Он проводил меня с костельного погоста.
— Дед, — сказал я, глядя на галерею, — а что это про женщину с монахом всякие байки брешут?
И тут дед посерьезнел:
— Э-э, если бы это байки! Правда. Сам видел.
— И в замке видел?
— В замок ночью не хожу. Боюсь. И все боятся. Говорят, и там бывают. А я вот тут видел, на галерее. Идет что-то светлое, как сам день, а рядом тень, будто сама ночь.
— Ой, дед!
— Брешу, думаешь? Чтоб мне со старухой и внуками дня не прожить.
— Специально приду взглянуть.
— Они не каждую ночь ходят. Я однажды набрался смелости, взобрался на галерею (в случае чего, думаю, пальну из ружья). Исчезли. Спустился на погост — снова идут.
В доме у моего хозяина царило тихое отчаянье. В тот день Зелепущенок должен был проводить брата, который приезжал к нему на праздник из Донбасса, и еще при мне они пошли на автобусную остановку в Ольшаны.
Мария Семеновна, полная, добрая, синеглазая, была вся в слезах и заламывала руки; то ли с отчаянья, то ли от того, что они у нее каждую весну и осень нестерпимо болели. Была она в «сахарном» звене. А вы знаете, что такое сахарная свекла? Ни для сортировки семян, ни для прореживания всходов машин пока не придумано. «Надо будет привезти ей из Минска глицерина, — подумал я. — Это же надо, не слышать про глицерин. А ведь руки такие черные, потрескавшиеся, страшные».
— Что, не приходил еще?
— Нет. Антоська, миленький, дорогой, встрень ты его, пожалуйста, сходи ты в Ольшаны, поищи его.
— По какой дороге?
Ольшаны местечко длинное, и потому в Ольшанку из него ведут три дороги. Мария Семеновна виновато смотрела на меня, и я понял, что придется перемерить ногами все три.
— Хорошо. Дайте только его резиновые сапоги и фонарик.
— Сыночек, бога молить буду. А сапоги — вот. Потому что и впрямь, может, в поле забрел, может, в Выдрин Яр скатился, может, в канаве где лежит. А по ним же еще вода из пущи бежит. Снег ведь еще, должно быть, в пуще.
Вздохнув, я пошел от освещенных окон во тьму.
Прыгал по дороге огонек фонарика. Я обследовал Выдрин Яр, там, где он подходил почти к дороге, — ничего. Перед самыми Ольшанами потянулся лес с густым подлеском. На опушке что-то темнело.
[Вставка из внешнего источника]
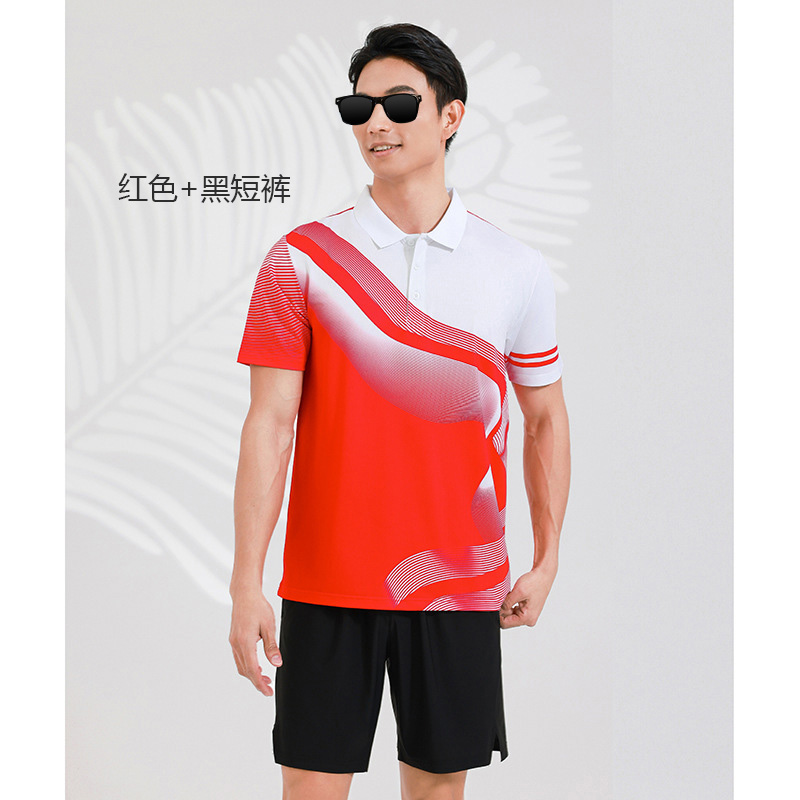统狮羽毛球服 P9 套 红色+黑短裤 2XL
Я повел фонариком в ту сторону. У деревьев стоял Гончаренок, видимо, только что окончив справлять малую нужду, и я опустил фонарь. Малоприятно, когда на тебя светят в такой момент.
Показалось мне или нет, но в этот момент что-то будто шевельнулось в кустах.
А бухгалтер — я слышал шаги — поспешил ко мне, легко перепрыгнул канаву и стал рядом.
— А-а, Антон Глебович, — сказал дружелюбно, словно между нами ничего не произошло. — А я думаю, кто это светит. Закурить не найдется?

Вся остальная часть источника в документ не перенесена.